Inside Outside Upside Down brings together the work of five New Zealand contemporary artists – Kate Newby, Simon Denny, Ruth Buchanan, Fiona Connor and Ronnie van Hout. Housed on the Auckland Art Gallery Toi o Tāmaki’s first floor, the exhibition is made up of work from the gallery’s own collection. Connecting the works is a shared appreciation for the everyday, a conflation of ‘inside’ and ‘outside’ within the confines of a gallery.
The exhibition is arranged as a series of five rooms, each dedicated to one of the aforementioned artists. The first room belongs to Ronnie van Hout’s No Exit II (2003), a strange space of sights and sounds. Van Hout’s work explores the boundaries of interior space, applying the simple inversion of bringing the outside in or the inside out.
A small video monitor flickers within the hollows of a van Hout tree trunk, the artist repeatedly fights and argues in a room with his alter egos – Monkey Man and Dog Man. The indication of multiple personalities links to the artist’s focus upon his practice; his insatiable desire to discover more about himself leading to a stasis state in which he never achieves any answers. In the late 1990s, self-portraiture in van Hout’s work fared prominently, approaching it through his use of tropes, doppelgangers and duplicates. Van Hout’s work is a blend of comedy and tragedy, self abandonment and introspection. Van Hout portrays himself through unusual postures of portraiture, his depiction of an artist is weak, frustrated, and seeking ways to improve.

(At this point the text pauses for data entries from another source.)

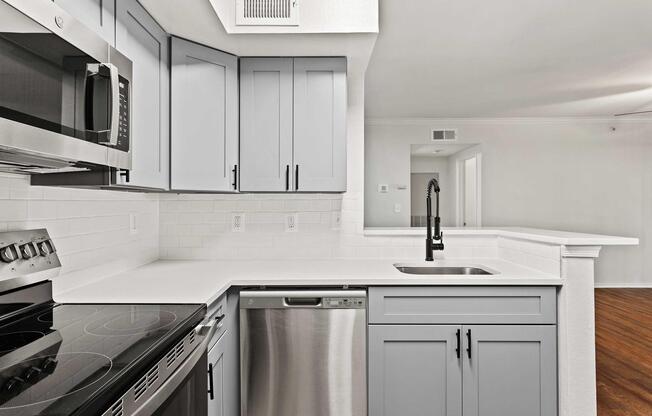 Modern kitchen featuring light gray cabinetry, a stainless steel microwave, oven, and dishwasher, with a sleek white countertop and a black faucet. The open layout connects to a brightly lit living area with hardwood flooring and neutral-colored walls.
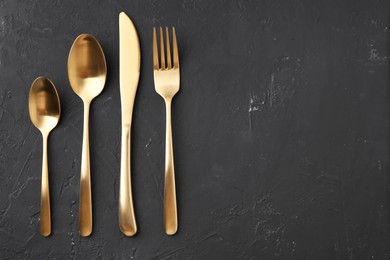 Photo of Beautiful cutlery set on black table, flat lay. Space for text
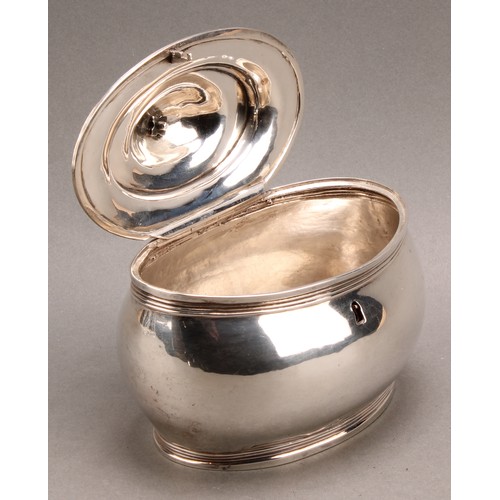 781 - A George III silver oval tea caddy, quite plain, hinged domed cover with fruitwood finial, reeded bo... 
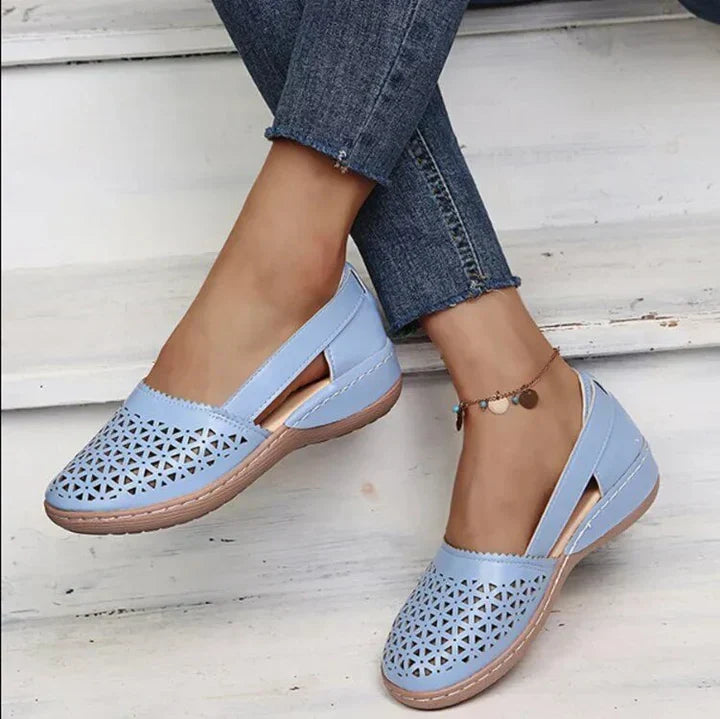 Breathable Orthobliss slingback flats with orthopedic comfort. Stylish women's footwear for all-day wear.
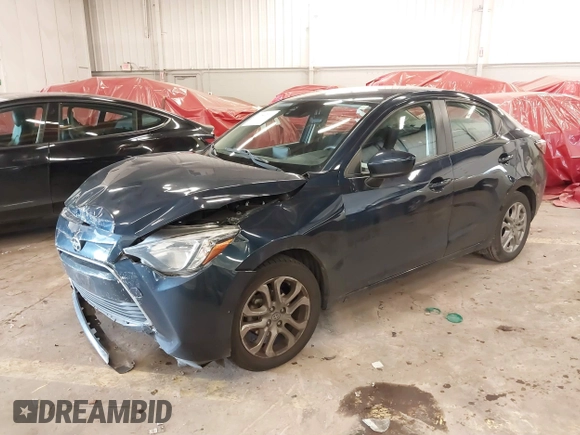 2016 Scion iA z VIN 3MYDLBZV5GY103533, wystawiony jako IAAI lot #41756270 z przebiegiem 59 290 mil mil oraz . Historia ofert i sprzedaży dostępna na DreamBid. Obrazek 22.
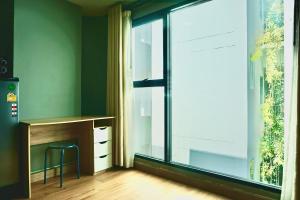 a room with a desk and a large window at Hip and funky apartment silom Soi 3, with rooftop view in Bangkok
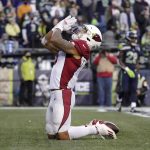 Arizona Cardinals running back James Conner kneels in the end zone after scoring a touchdown against the Seattle Seahawks late in the second half of an NFL football game, Sunday, Nov. 21, 2021, in Seattle. (AP Photo/Ted S. Warren)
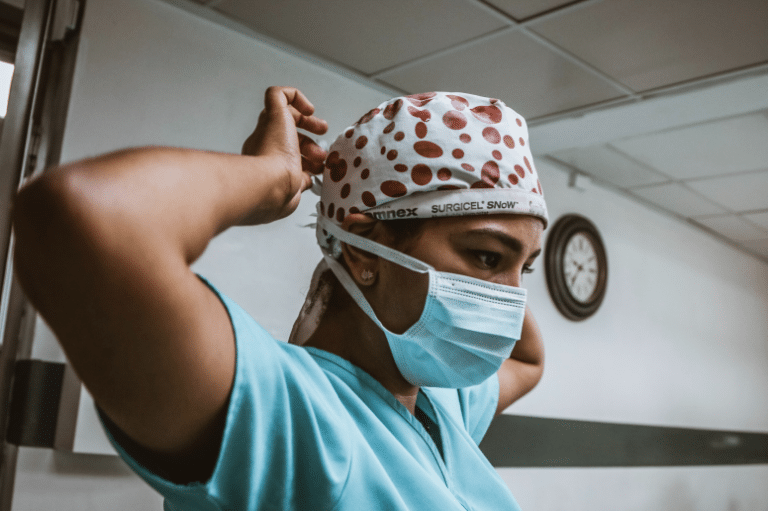 A healthcare worker in blue scrubs and a face mask adjusts her surgical cap with red polka dots in a hospital room.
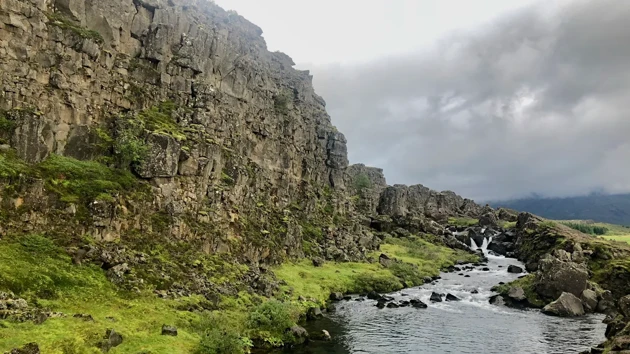 Bild på grönt landskap med berg på Island.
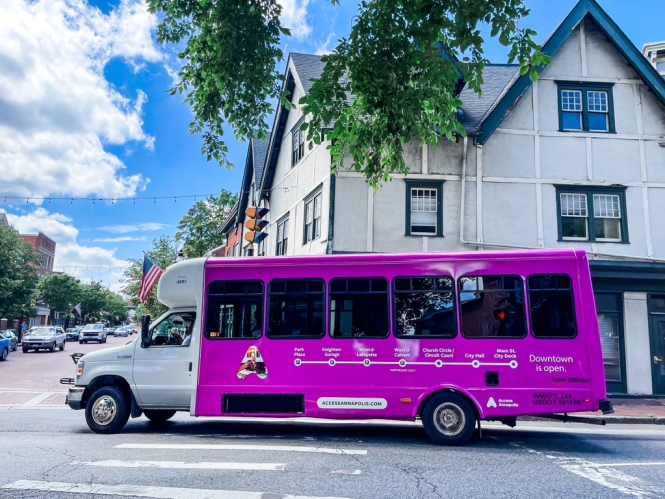A purple shuttle bus turns a corner in downtown Annapolis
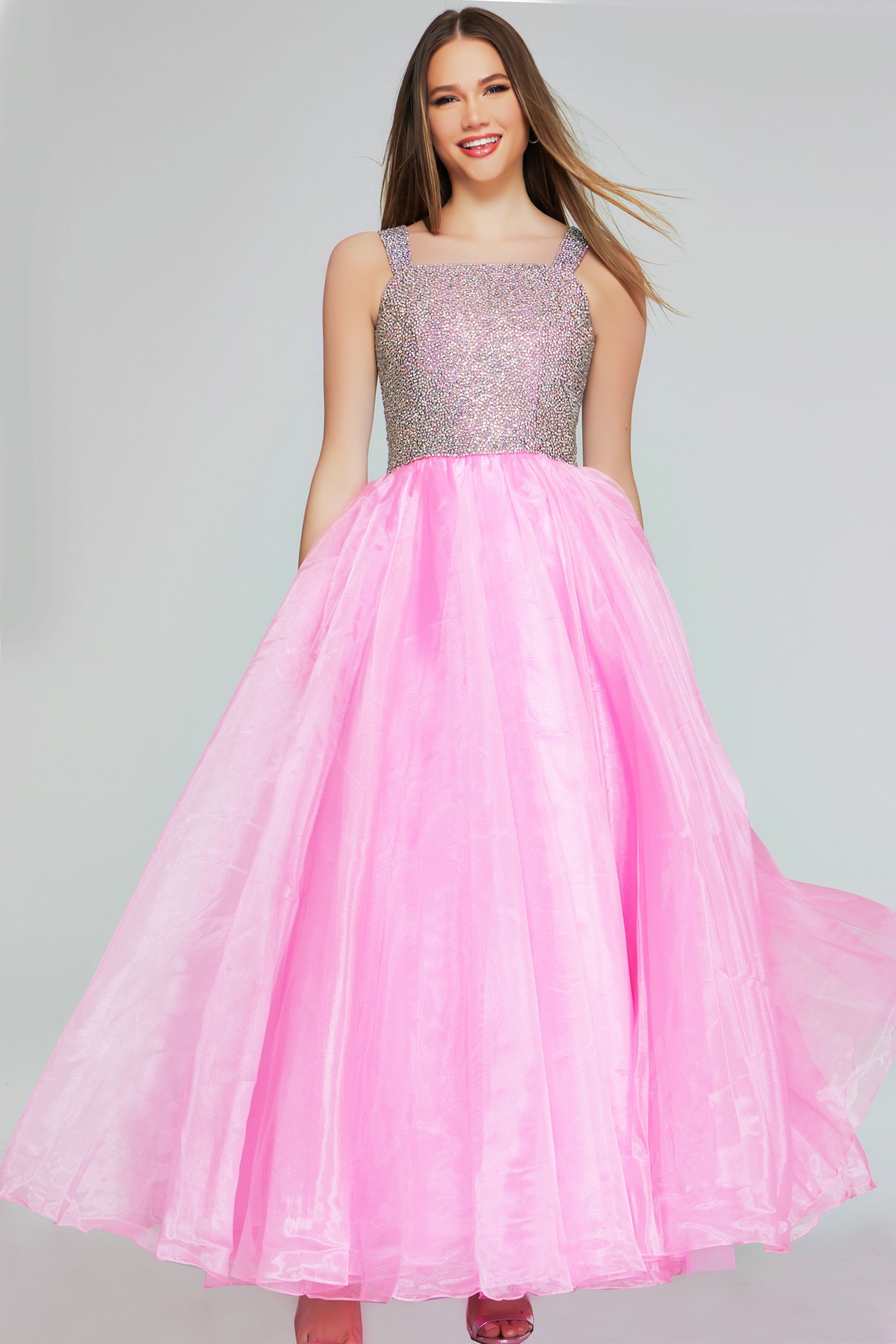 K38261-HOTPINK-204.jpg Model wearing Jovani K38261 pink dress with embellished bodice, front view.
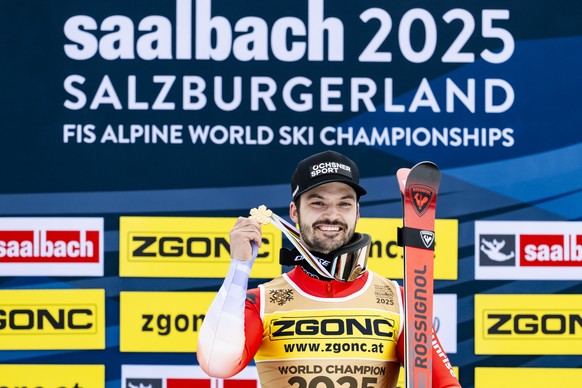 Gold medalist Loic Meillard of Switzerland celebrates during the medals ceremony of the men's Slalom race at the 2025 FIS Alpine World Ski Championships, in Saalbach-Hinterglemm, Austria, Sunday, ...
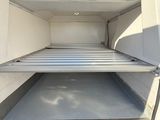 l'arrière d'une camionnette dont la porte est ouverte, laissant entrevoir l'intérieur
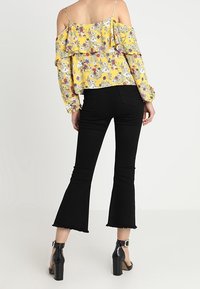 Top giallo a fiori con spalle scoperte e balze abbinato a jeans neri a zampa d'elefante. I jeans hanno orli grezzi e sono indossati con sandali neri con tacco.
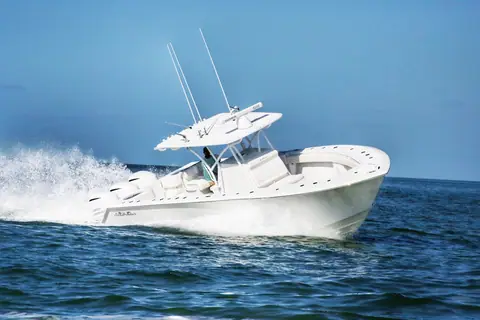 SeaHunter 33 Tournament center console running at speed with a white hardtop and outriggers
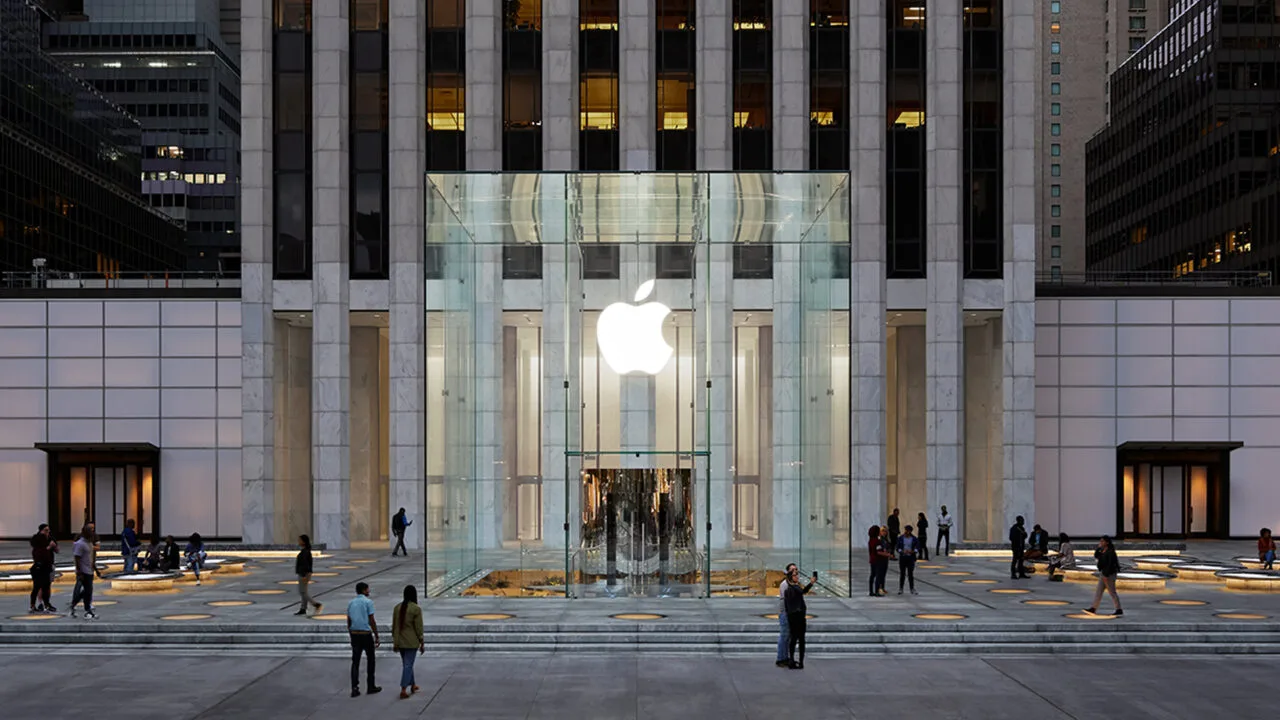 The Apple Store on Fifth Avenue in New York, set to receive more than 150 iPhone Duo demo units: the glass cube with its illuminated Apple logo in front of the tower at dusk
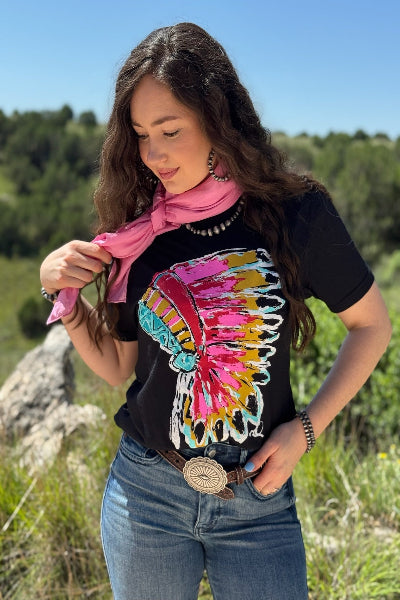 Woman wearing a black t-shirt with a colorful headdress design, pink scarf, and blue jeans outdoors.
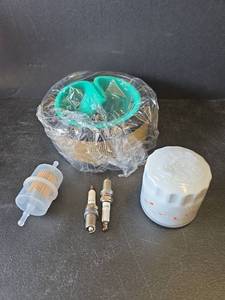 lot 722 image: NIB Engine Maintenance Kit with Air Filter, Oil Filter, Spark Plugs and Fuel Filter Model 2408303-S  for Kohler Lawnmower Engines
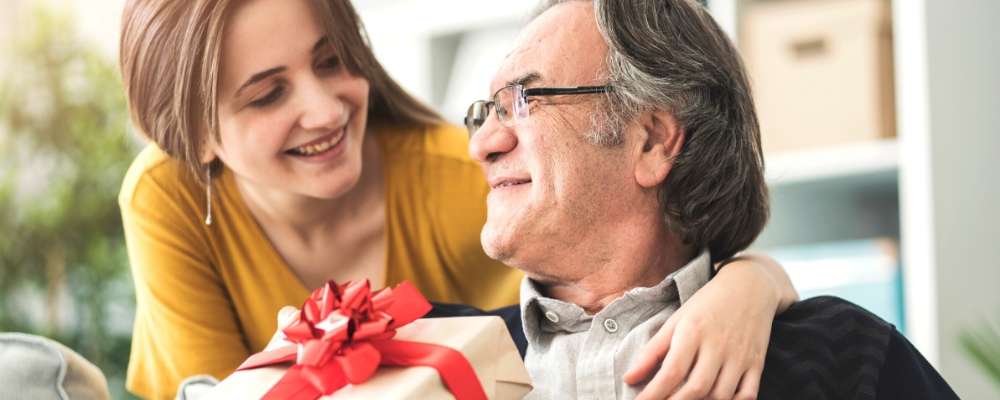 Young girl giving gift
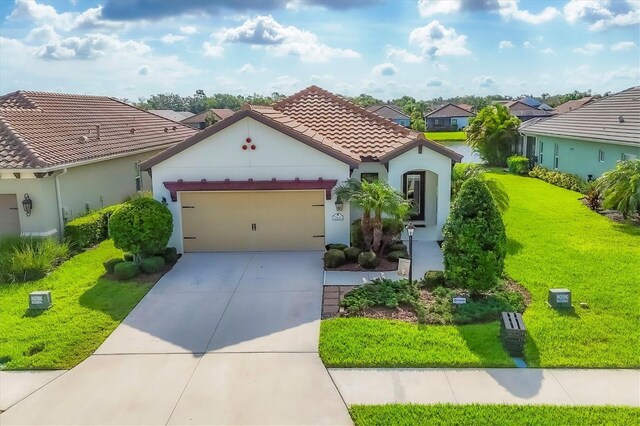 12641 Coastal Breeze Way, Bradenton, FL 34211 - mediterranean / spanish house with concrete driveway, a garage, a residential view, a front yard, and stucco siding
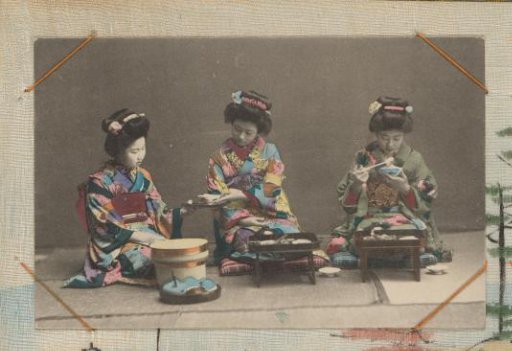 Three Japanese women in colored kimonos eating rice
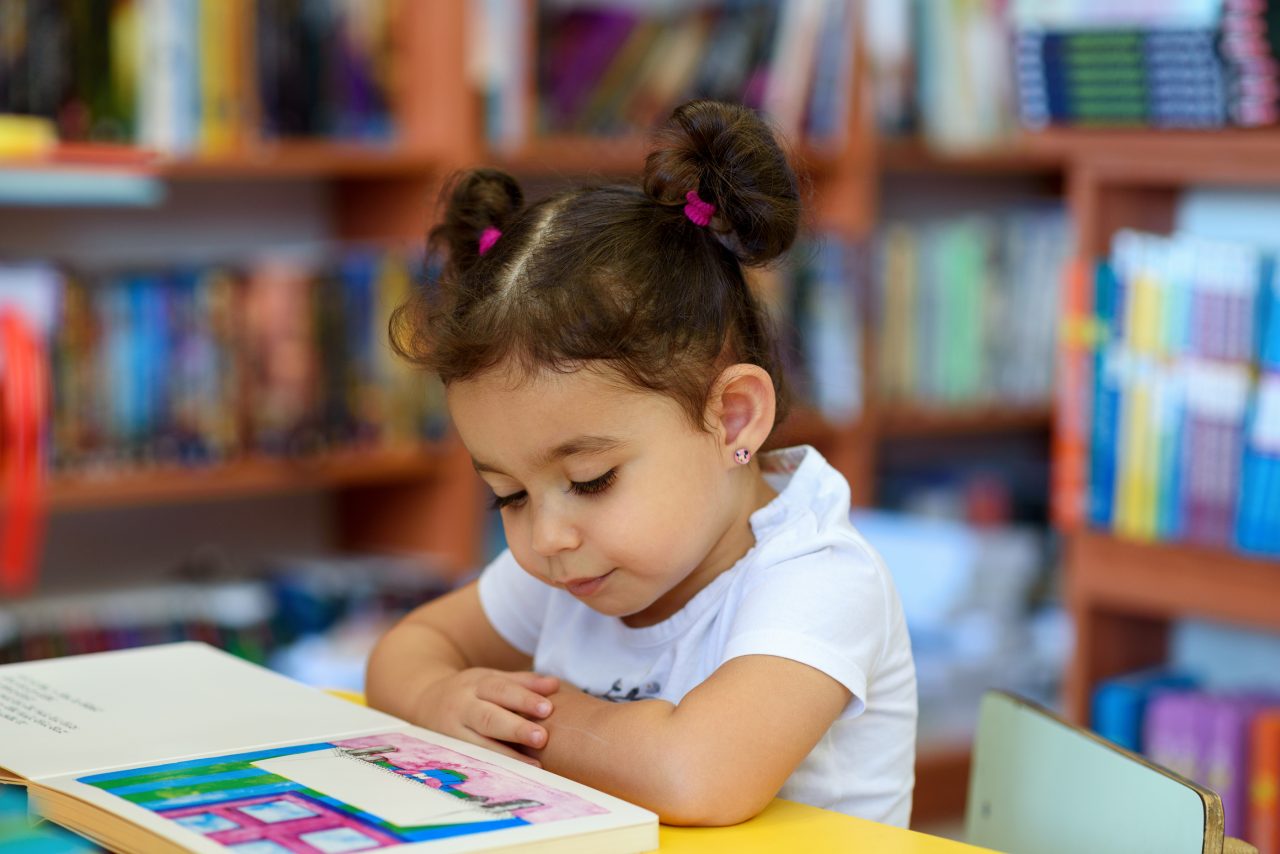 A child reading an adapted book in a special ed classroom.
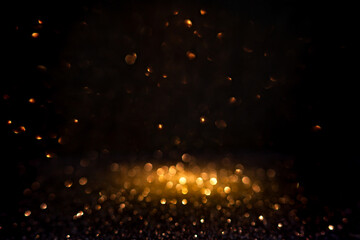 Warm golden bokeh lights illuminate a dark backdrop, creating an abstract pattern of soft glowing orbs ideal for backgrounds. Blurred shine bokeh for overlay effect.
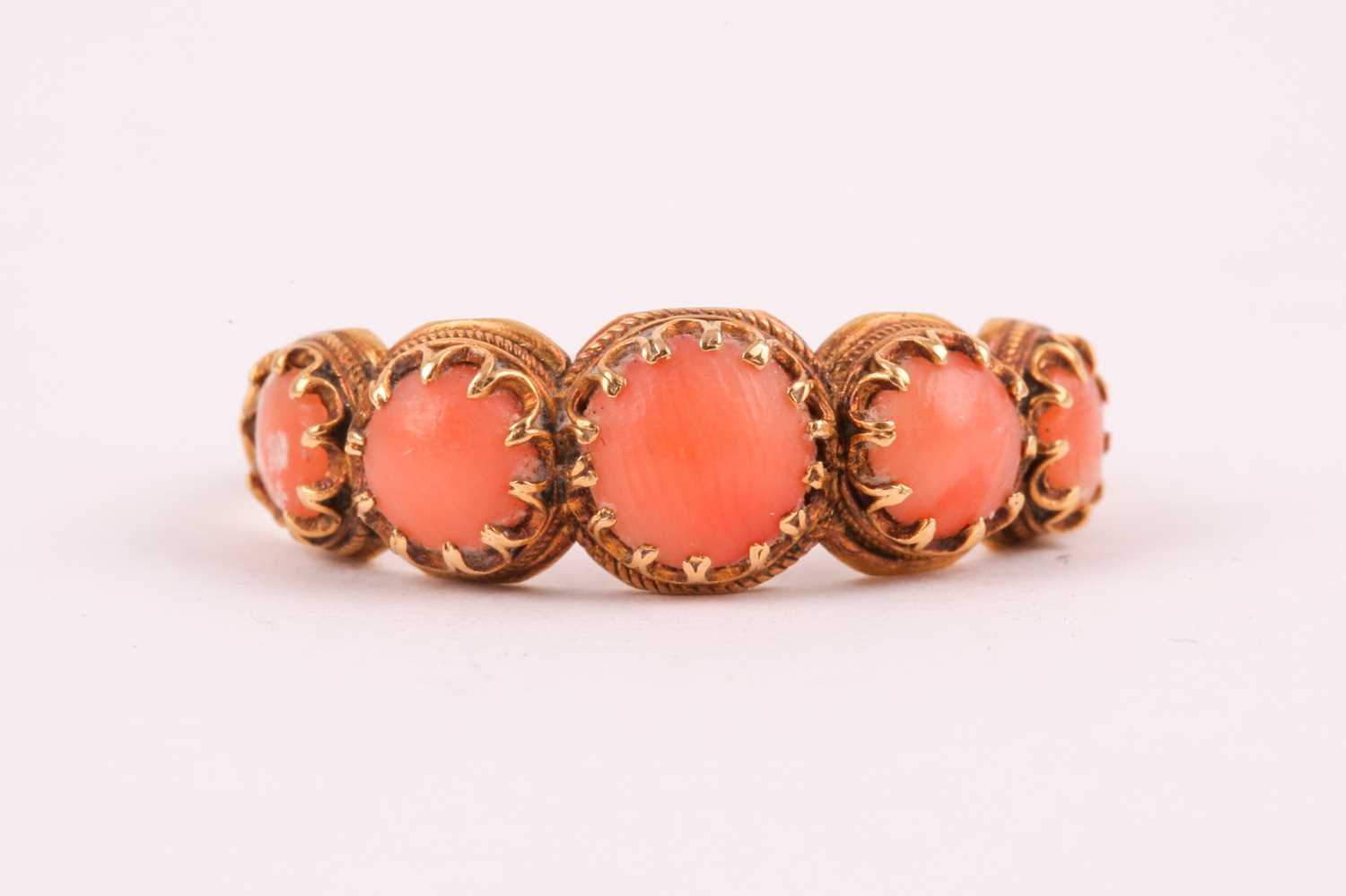 Lot 110 - A Georgian yellow gold and coral ring, set...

No Exit II is inextricably linked to Jean Paul Sartre’s 1945 No Exit, in which three dead people find themselves caged in a room with one another for eternity. Sartre’s understanding of self-reflection was that others were often what objectified and created a recognisable version of self. Van Hout’s piece is also reminiscent of Samuel Beckett’s later work in which he focuses on the themes of entrapment functioning to observe oneself.
A fascination with otherness is due to society’s’ construction of identities, categorisation and objectification. George Herbert Mead’s Mind Self and Society text expresses how our ongoing interaction with other people and subsequently our self-reflection, is dictated by social exchanges and adjusted accordingly. The social construction of self-identity is a driving force for van Hout’s practice as he deals with the ongoing struggle of who he is and who he should be according to social pressures.
Van Hout with the help of Sartre and Beckett exemplifies how self and other are always in opposition. The notion is that we cannot look at others and escape what we know of ourselves.